» Exercise: Repeat the lines from the one containing "link vao i9bet" through the end of the listing exactly, both ends included. Do not carry over any pictures.

» Data for the task:

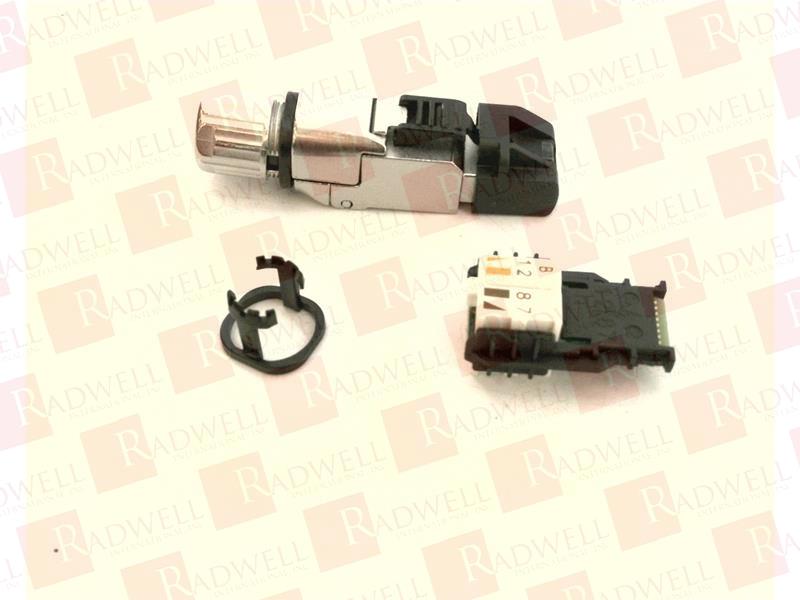 REMKE J00026A5001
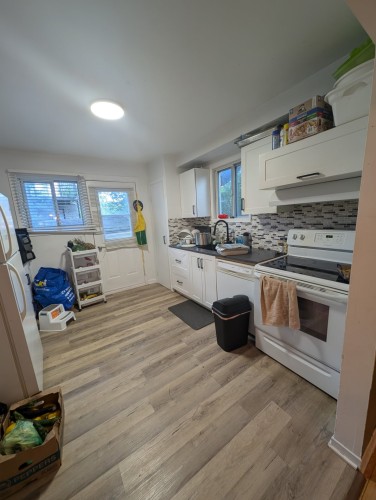 2-314 Rue Dubuc , Longueuil (Le Vieux-Longueuil), QC J4J 2R1 4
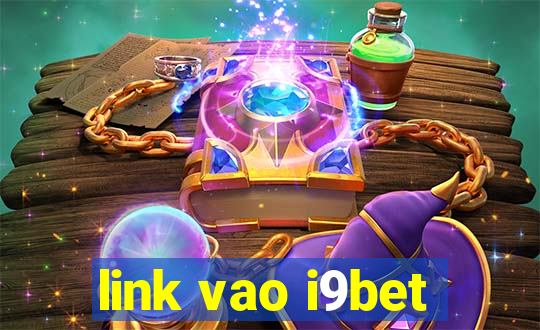 link vao i9bet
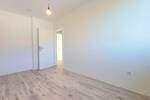 Etagenwohnung Minden Innenstadt - 3 Zimmer, 67 m&sup2;, 649&euro; | Angebot:26376005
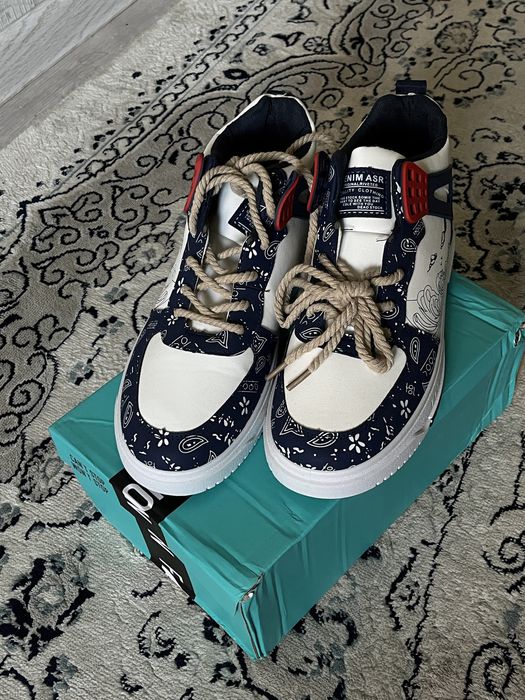 Кроссовки, кроссовки найк, данки, кроссы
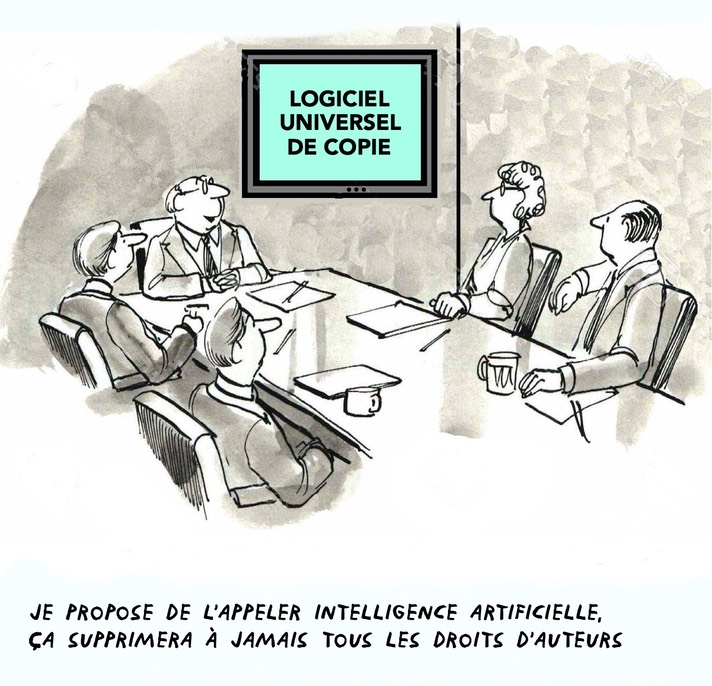 1-logiciel universel de copie modifié-1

» Exercise response:
 link vao i9bet
 Etagenwohnung Minden Innenstadt - 3 Zimmer, 67 m&sup2;, 649&euro; | Angebot:26376005
 Кроссовки, кроссовки найк, данки, кроссы
 1-logiciel universel de copie modifié-1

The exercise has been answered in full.